== EXERCISE MATERIAL

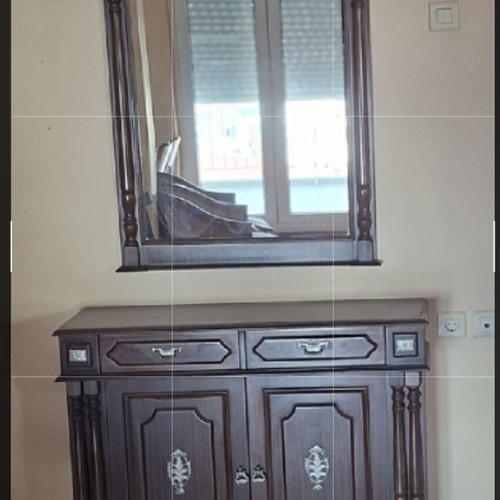 Walnut entryway furniture like new with mirror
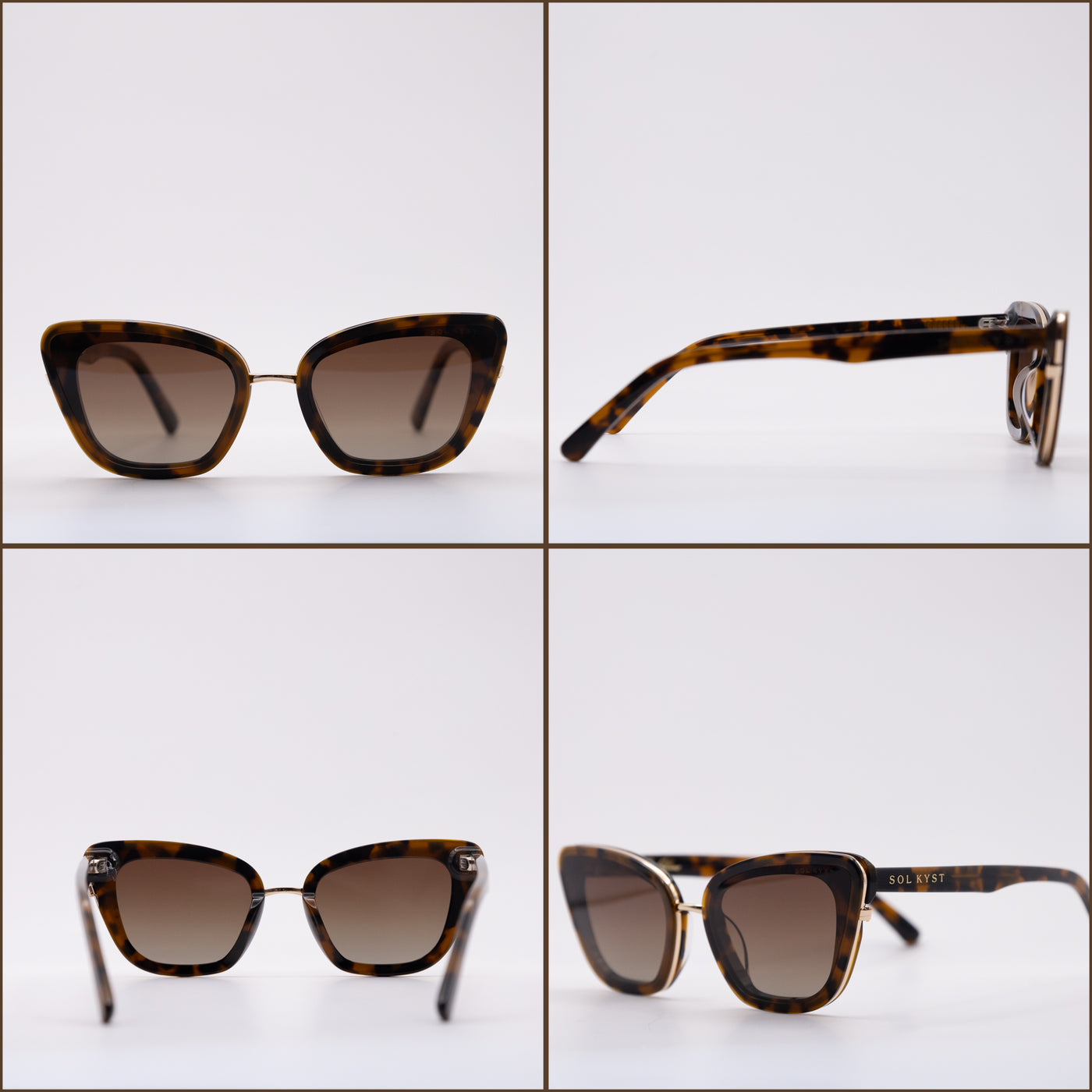 Close-up of tortoise cat eye-frame sunglasses with gradient lenses, shown from front, side, and angled views against a white background.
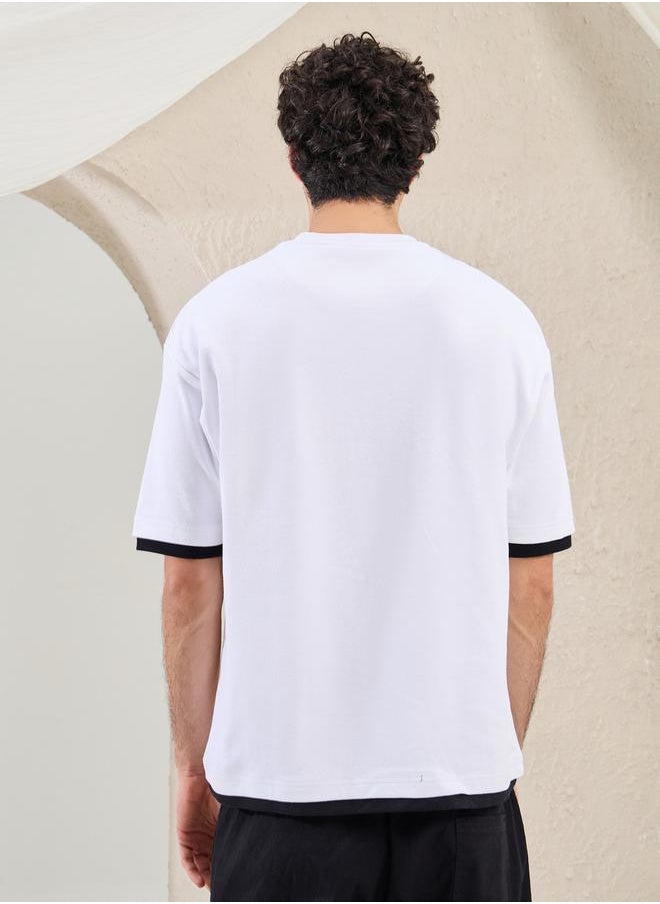 Plain Contrast Detail Oversized T-Shirt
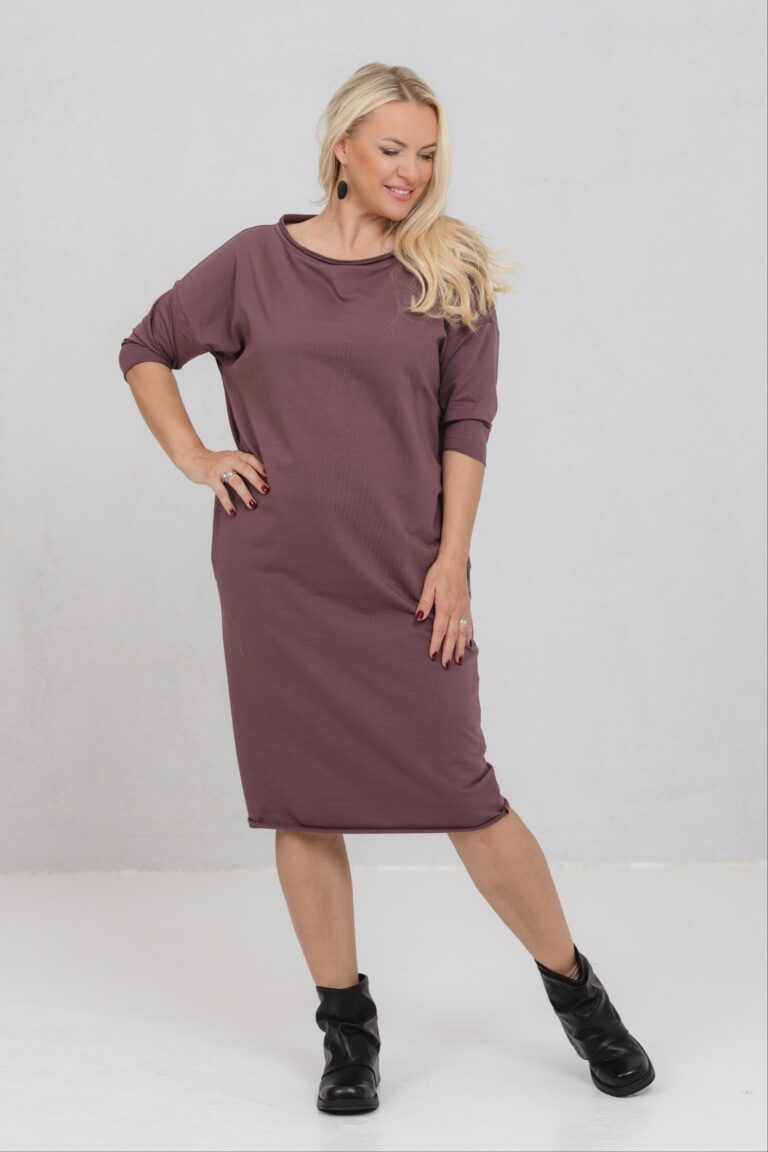 Lihtne dresskleit Benri, lilla mauve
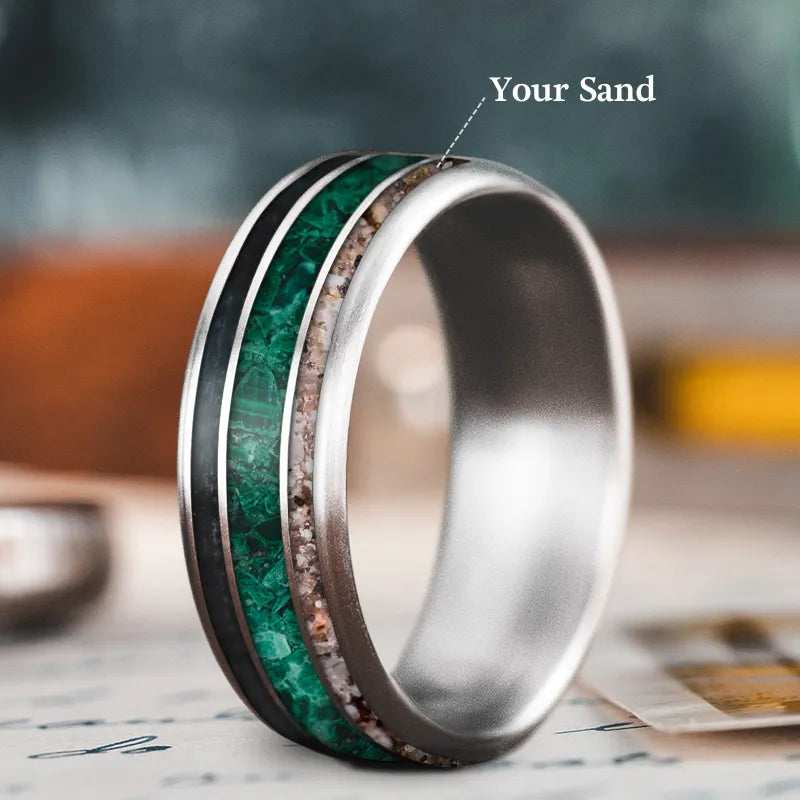 Luxury men’s rings with emerald stone settings -Custom Design - 3-Inlay Wide Center Ring Kw9WuQBogYyL9ajEI3ZG3Fkn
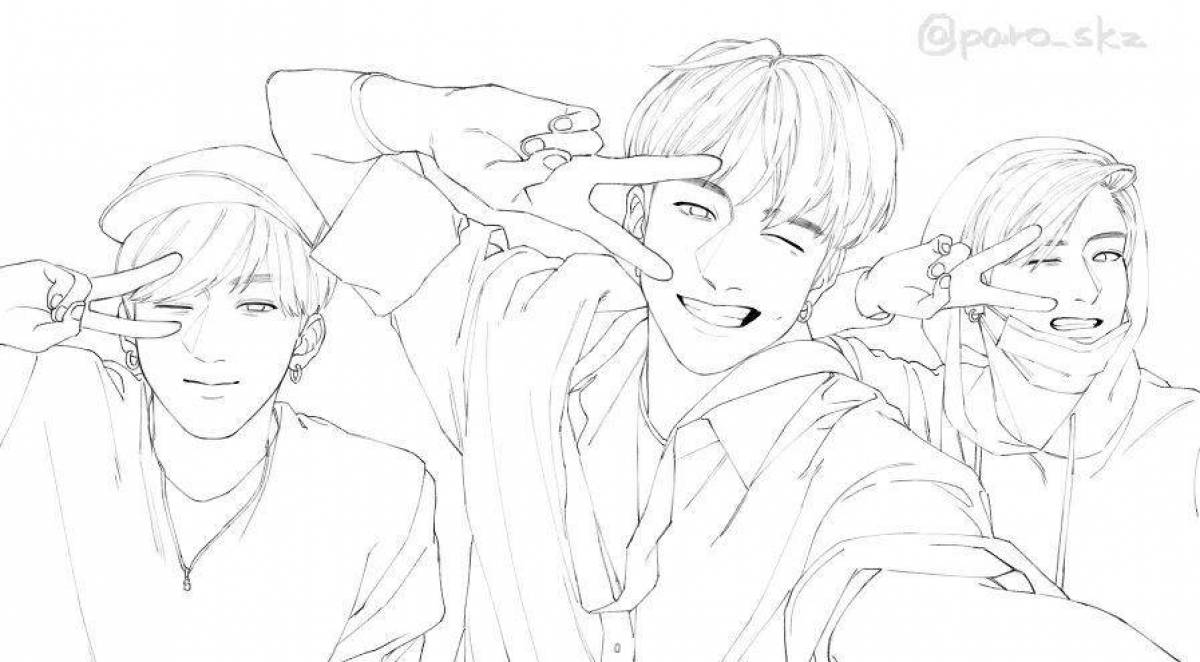 Skzoo stray kids colorful coloring page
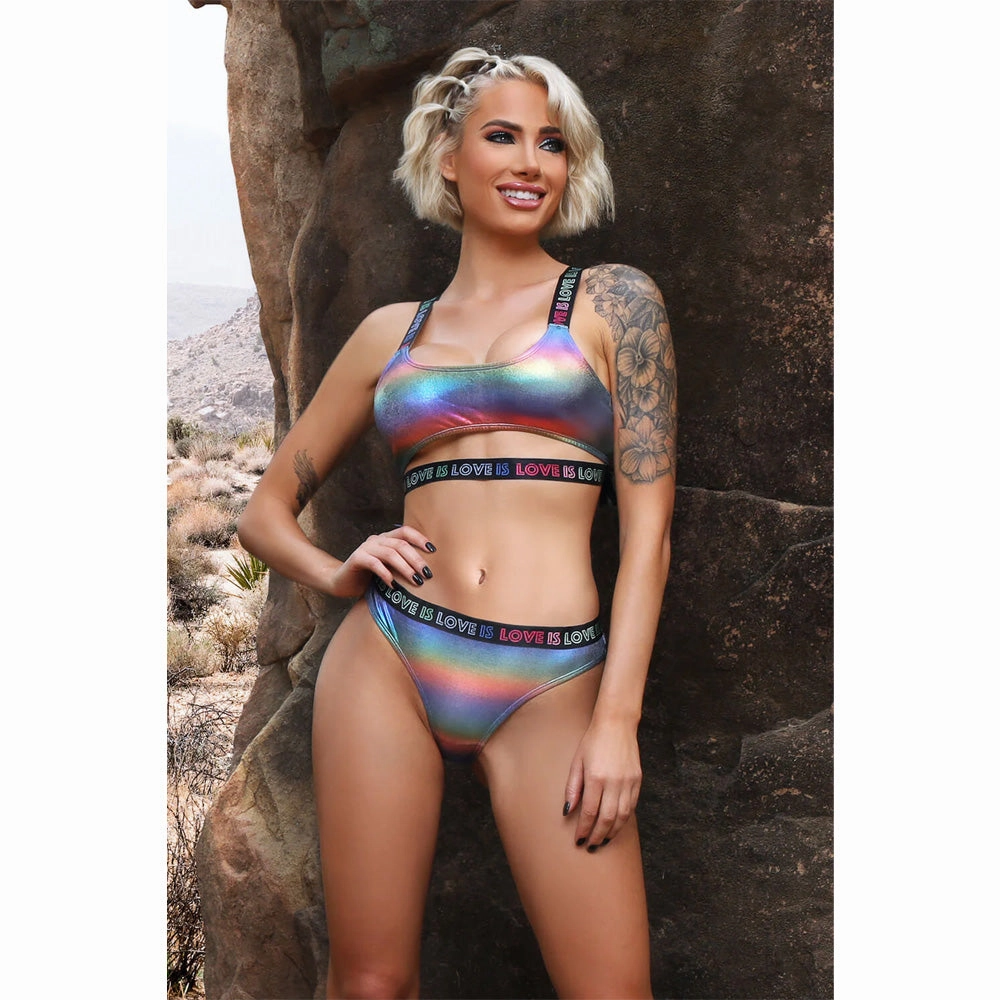 Fantasy Lingerie Vibes Love is Love Crop Top & Panty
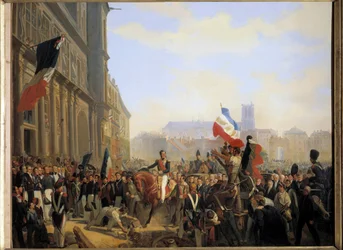 1830. júliusi forradalom: Lajos Fülöp, Orléans hercege (aki 1er Lajos Fülöp francia király lett) (1773-1850), a királyság altábornagya július 31-én megérkezett a párizsi városházára.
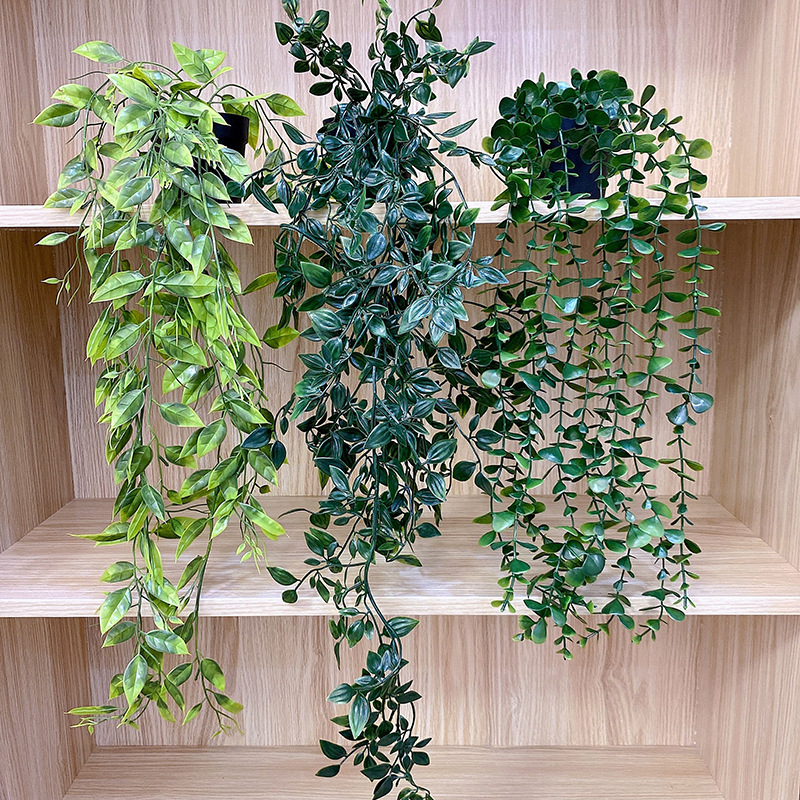 亚马逊人造仿真绿植曼陀罗尤加利盆景豌豆荚悬挂盆栽磨砂装饰盆景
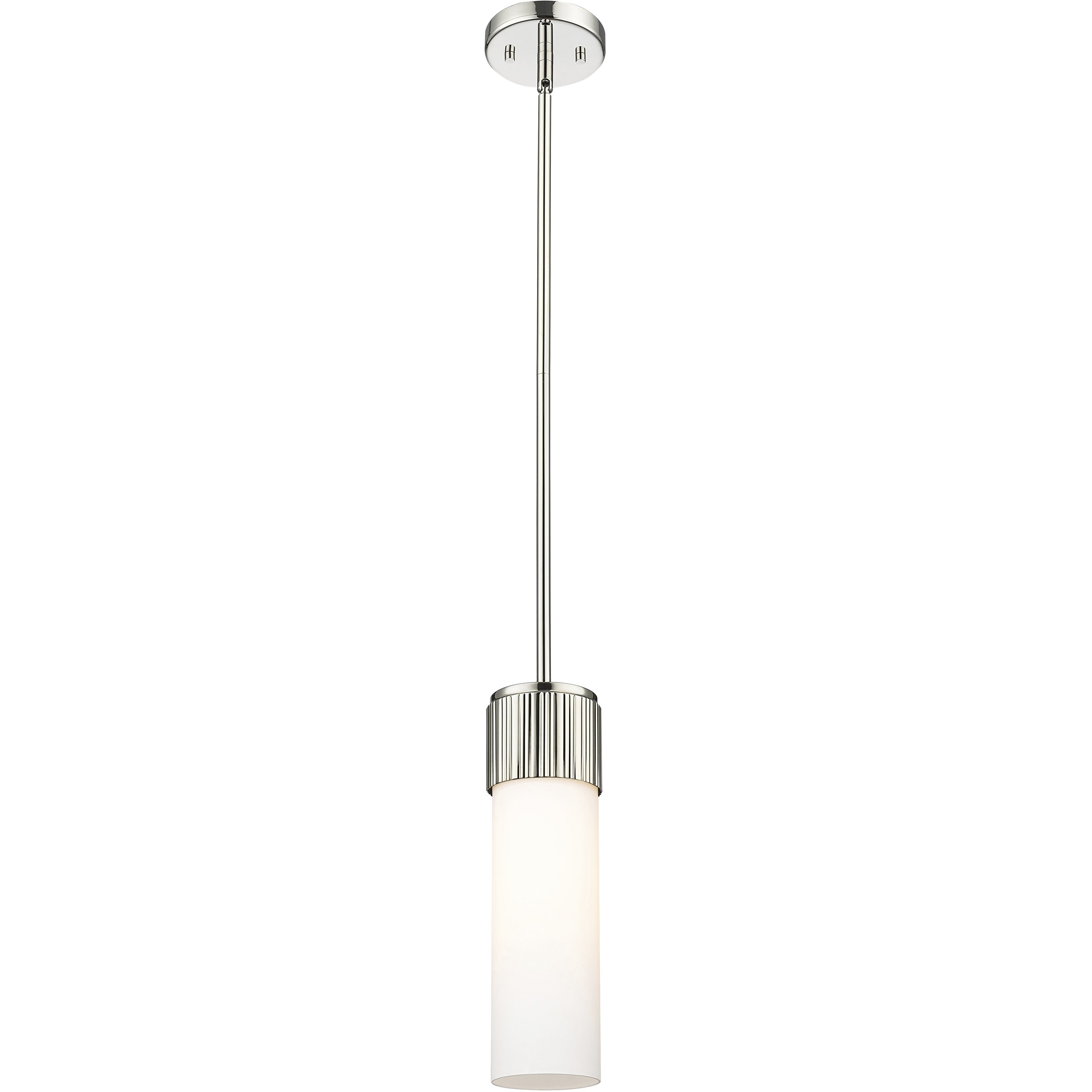 Bolivar 1 Light 4 inch Polished Nickel Pendant Ceiling Light in Matte White Glass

====

_WORK TO BE COMPLETED:_ Repeat only the lines from the one holding "Luxury men’s rings" through the last line of the data, inclusive. Keep the pictures out.

_SOLUTION TO THE PROBLEM:_
 Luxury men’s rings with emerald stone settings -Custom Design - 3-Inlay Wide Center Ring Kw9WuQBogYyL9ajEI3ZG3Fkn
 Skzoo stray kids colorful coloring page
 Fantasy Lingerie Vibes Love is Love Crop Top & Panty
 1830. júliusi forradalom: Lajos Fülöp, Orléans hercege (aki 1er Lajos Fülöp francia király lett) (1773-1850), a királyság altábornagya július 31-én megérkezett a párizsi városházára.
 亚马逊人造仿真绿植曼陀罗尤加利盆景豌豆荚悬挂盆栽磨砂装饰盆景
 Bolivar 1 Light 4 inch Polished Nickel Pendant Ceiling Light in Matte White Glass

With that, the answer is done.